Somehow, though, the girls managed to keep us from getting lost. Even Opus Capesius, my engineer, and Xao, his second, couldn't do as well, although they are experts at keeping the ship dancing through the twists and turns ordered by the bridge. As we were blindly feeling our way through this glorified fog bank, we received an odd distress signal.

Me? I'm Plato Zhoth, captain of the Earthship Horus.

"Where's that signal coming from?" I asked Lilliph, one of the "kitty sisters", cloned female human/cheetah twins on duty at the com.

"Hard to say," she said. "Can you get a fix on it, Betty?"

"Not really. It is definitely a distress signal of some sort, but in a code not recognized by my internal data banks.
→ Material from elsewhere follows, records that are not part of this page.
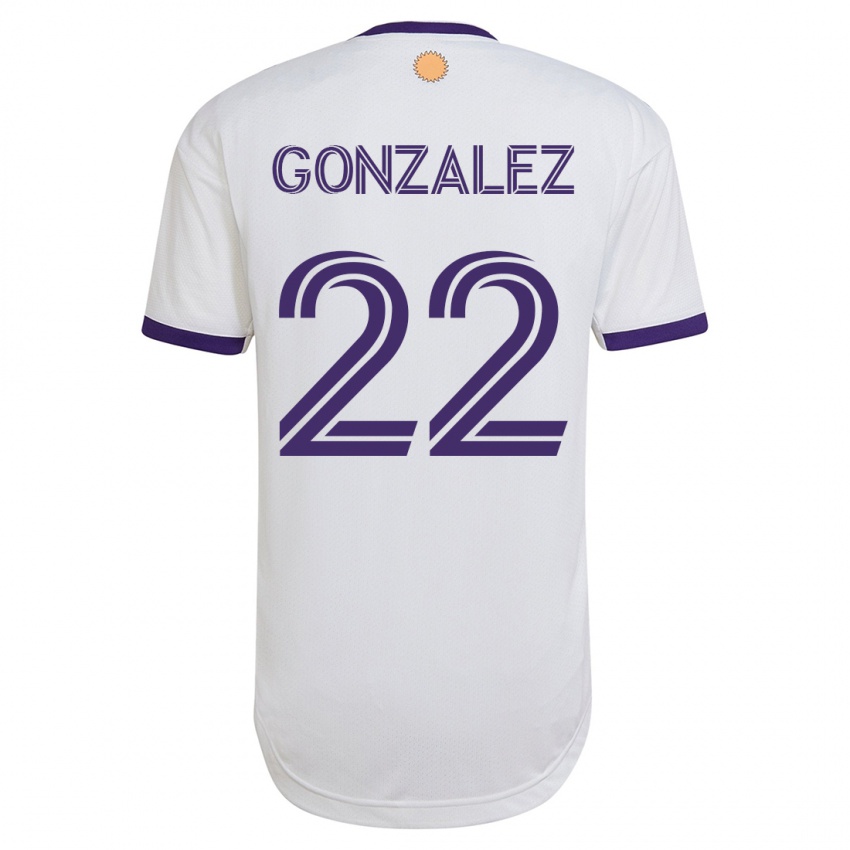 Hombre Camiseta Gastón González #22 Blanco 2ª Equipación 2023/24 La Camisa Chile
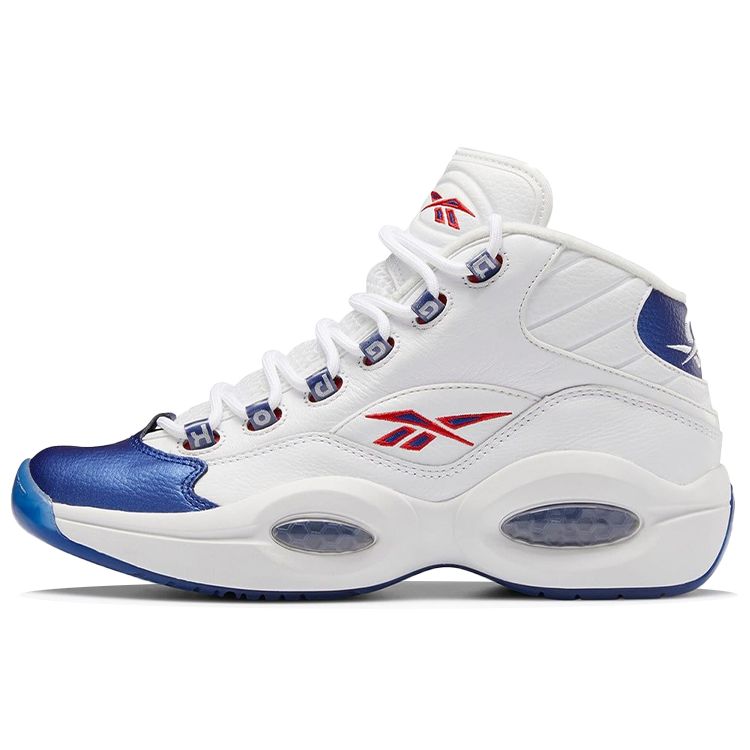 Reebok Question Mid Blue Toe 2022 Унисекс Кроссовки Белые Обувь-Белая Классика-Кобальт GX0227 40.5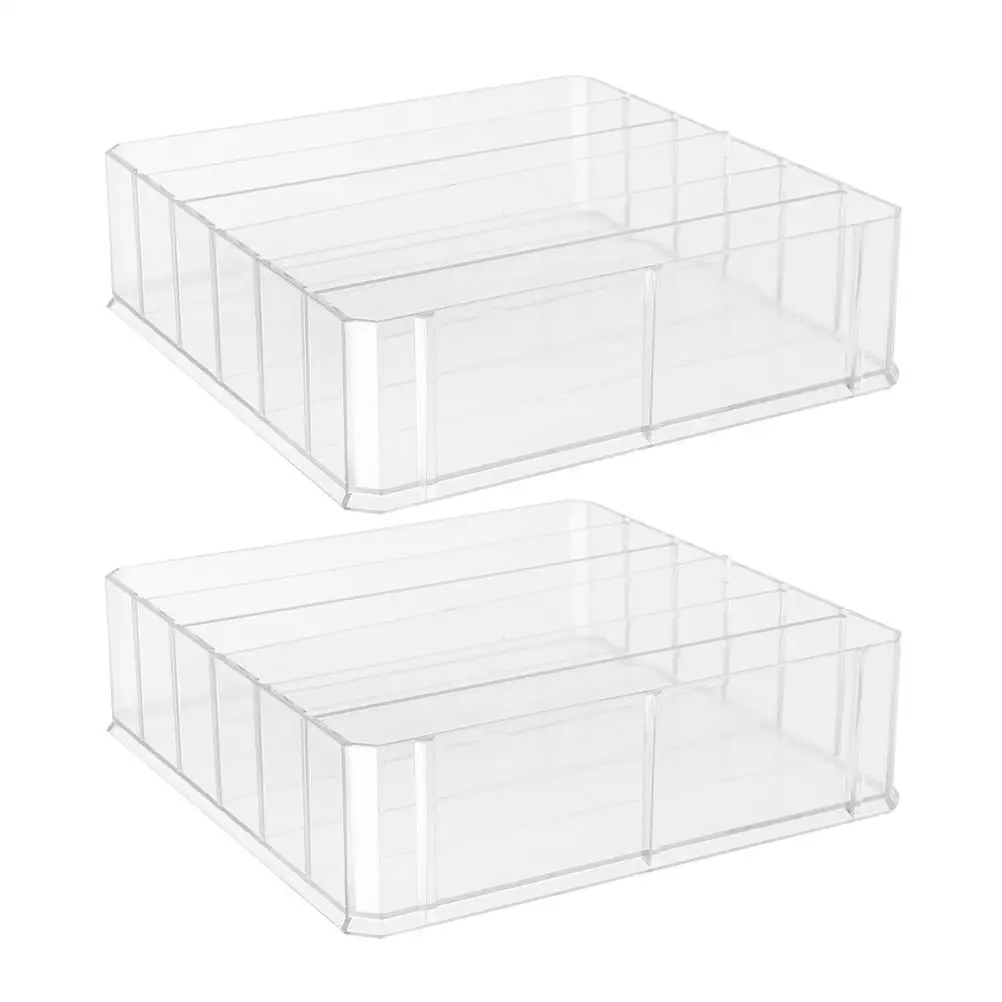 2Pcs Acrylic Storage Box Multi-Grid Storage Box Transparent MultiGrid Currency Organizer for Bills Envelopes Desk Classroom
It seems to be similar to the alien Grey telepathic communications that only they understand."

I hit the com. "Opus, Xao, we need you on the bridge." Opus was half-human, half-alien Grey. Xao was full Grey and the telepath of the crew.

Xao knew exactly what it was.

"It is a distress signal. I cannot get an exact fix on it, but maybe, if I send a response, I will find out more about the direction."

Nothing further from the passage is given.